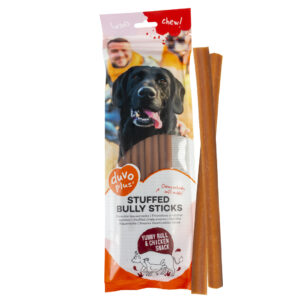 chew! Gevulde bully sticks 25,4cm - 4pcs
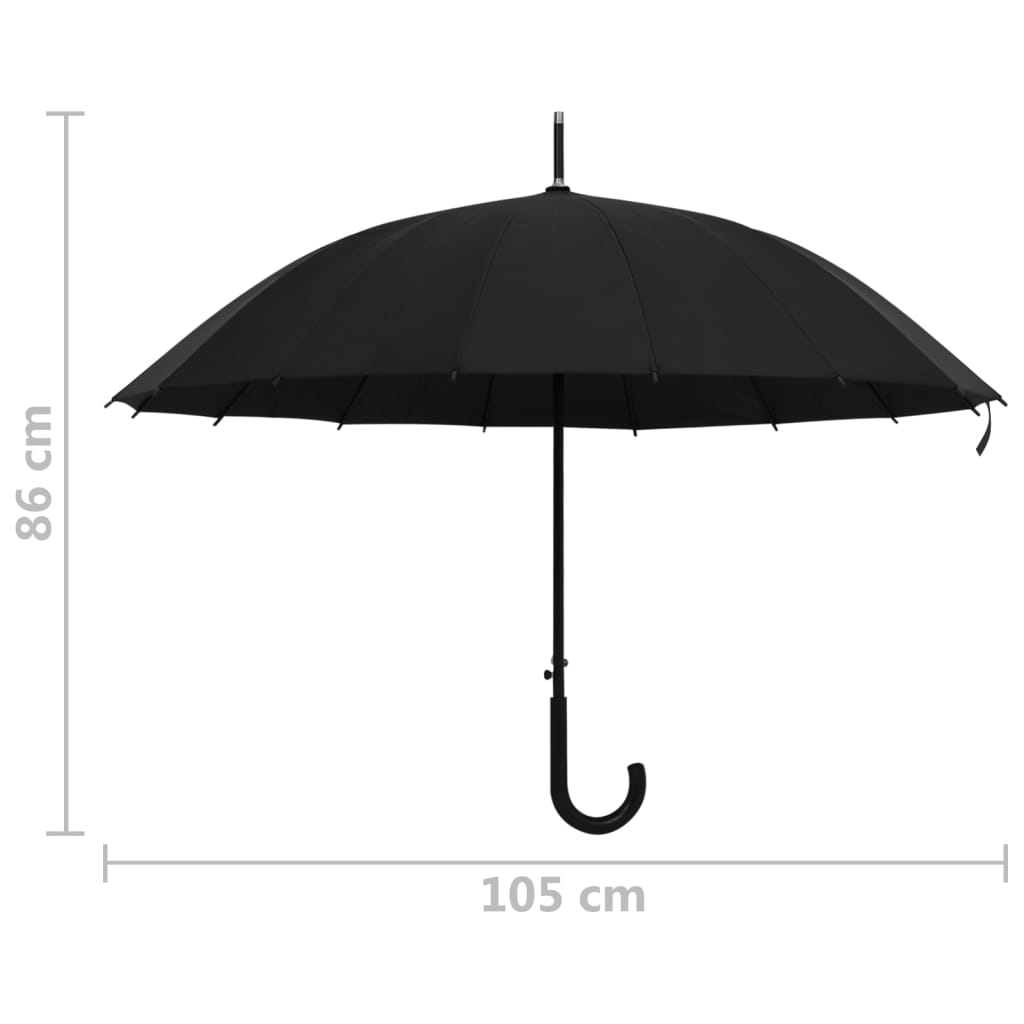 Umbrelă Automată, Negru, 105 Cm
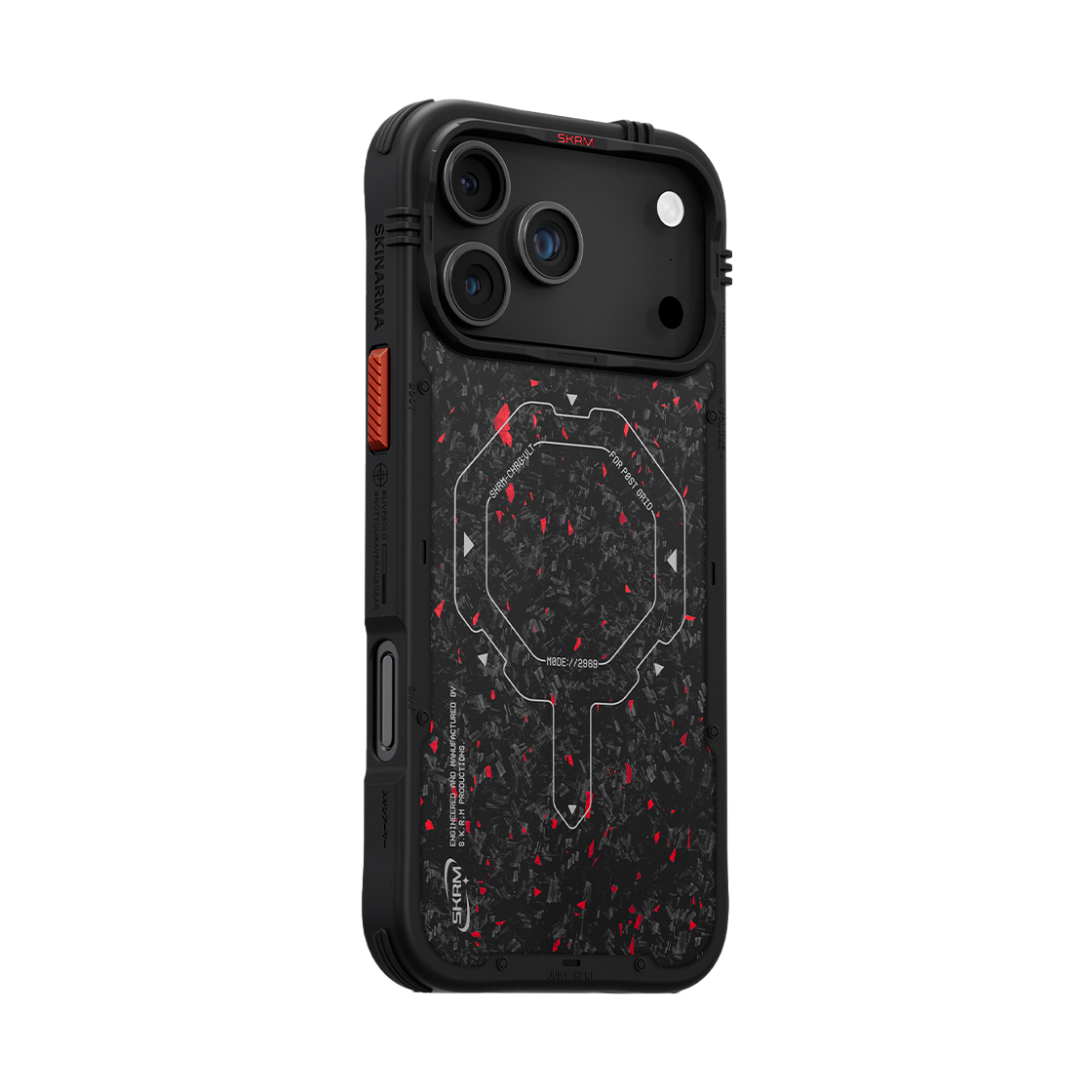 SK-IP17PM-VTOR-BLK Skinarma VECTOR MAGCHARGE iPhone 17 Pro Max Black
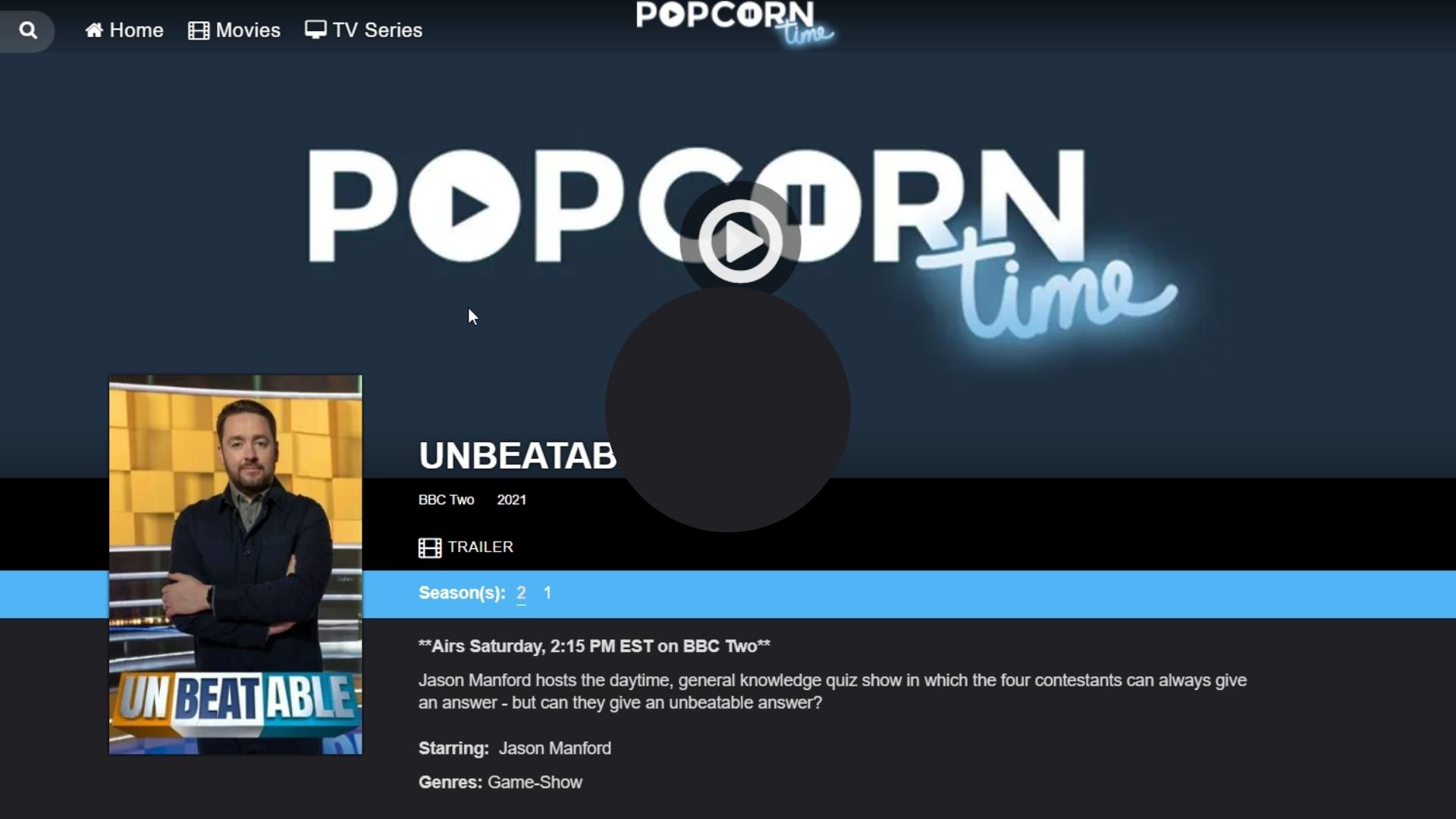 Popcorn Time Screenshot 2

-------------------------

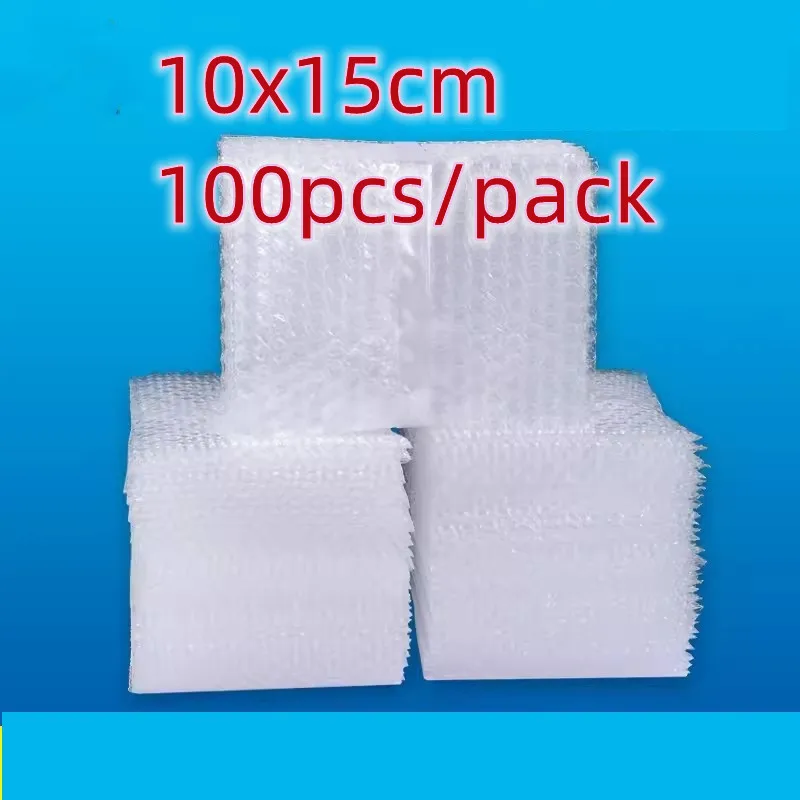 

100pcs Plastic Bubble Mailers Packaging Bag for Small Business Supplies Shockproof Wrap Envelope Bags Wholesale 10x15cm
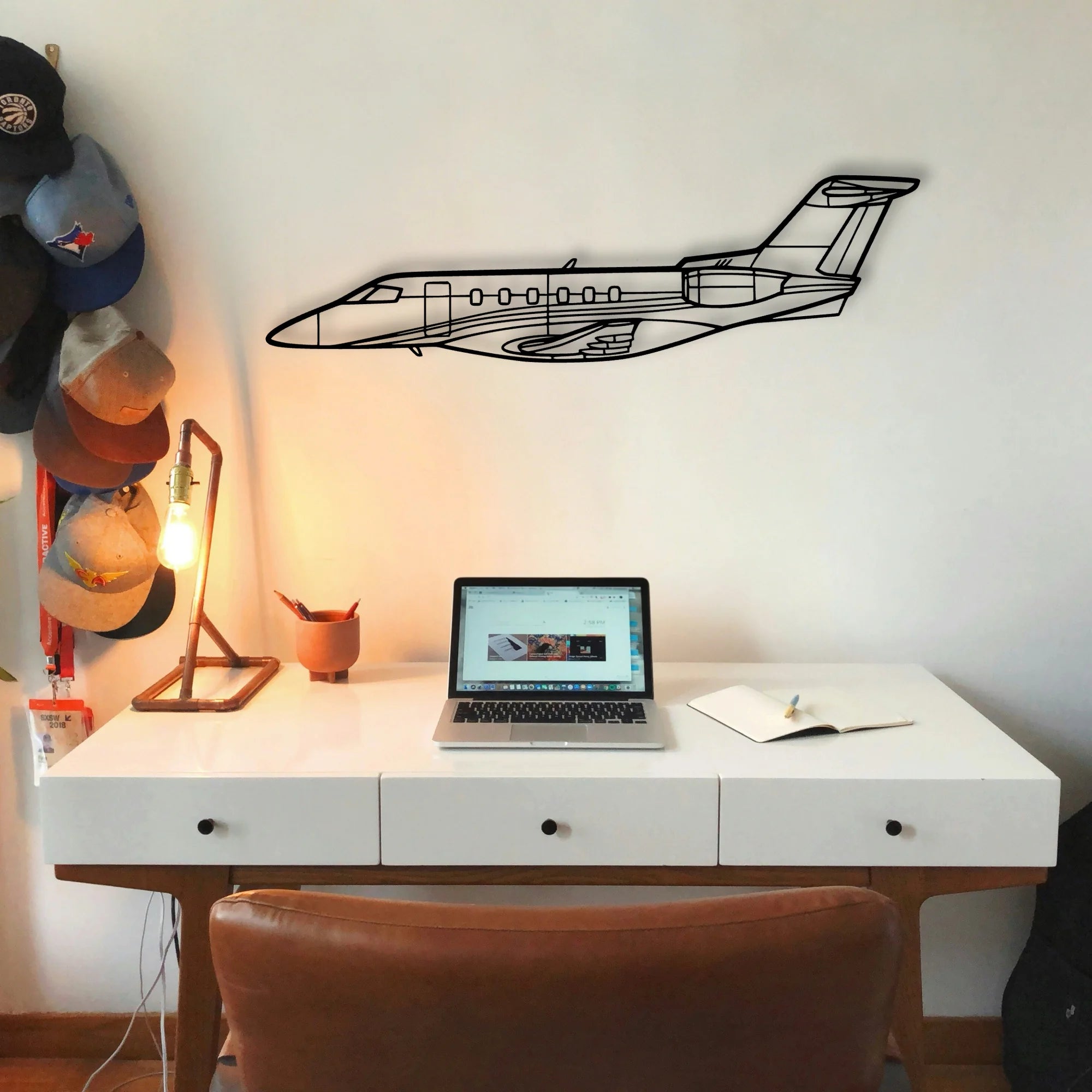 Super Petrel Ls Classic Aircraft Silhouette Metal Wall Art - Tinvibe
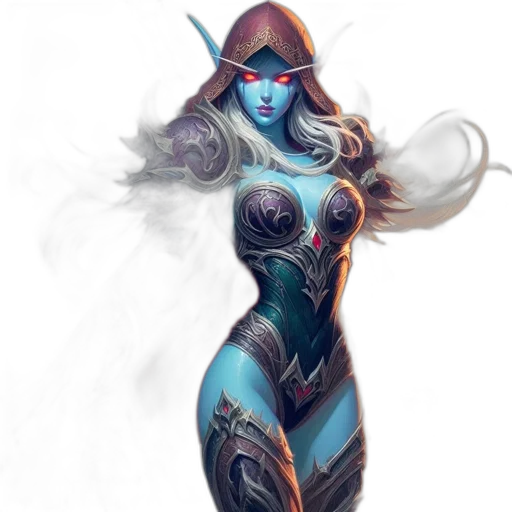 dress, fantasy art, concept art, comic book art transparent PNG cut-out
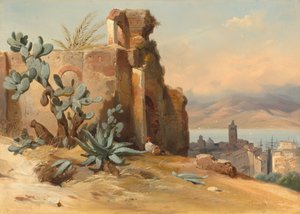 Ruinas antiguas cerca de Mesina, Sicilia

-------------------------

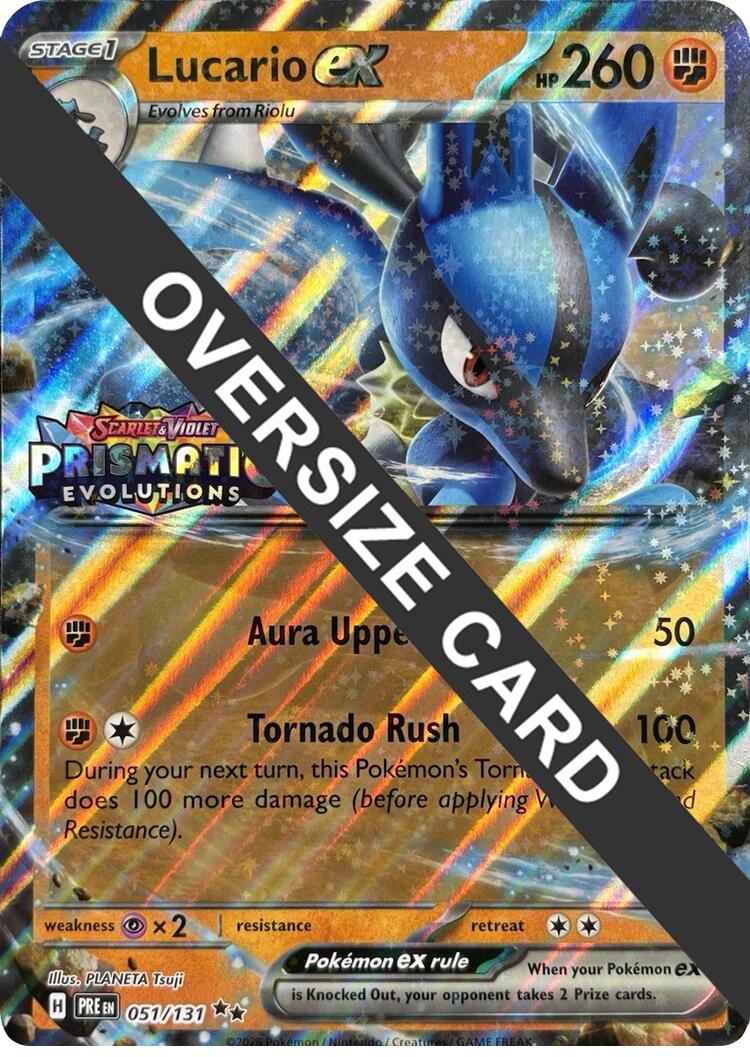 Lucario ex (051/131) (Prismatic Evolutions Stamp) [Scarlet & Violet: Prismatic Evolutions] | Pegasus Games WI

-------------------------

Word for word, retype the lines in the entries above that run from the one with "chew! Gevulde bully sticks 25,4cm - 4pcs" through the one with "Popcorn Time Screenshot 2". Both ends count; pictures do not.

* _Written response_:
 chew! Gevulde bully sticks 25,4cm - 4pcs
 Umbrelă Automată, Negru, 105 Cm
 SK-IP17PM-VTOR-BLK Skinarma VECTOR MAGCHARGE iPhone 17 Pro Max Black
 Popcorn Time Screenshot 2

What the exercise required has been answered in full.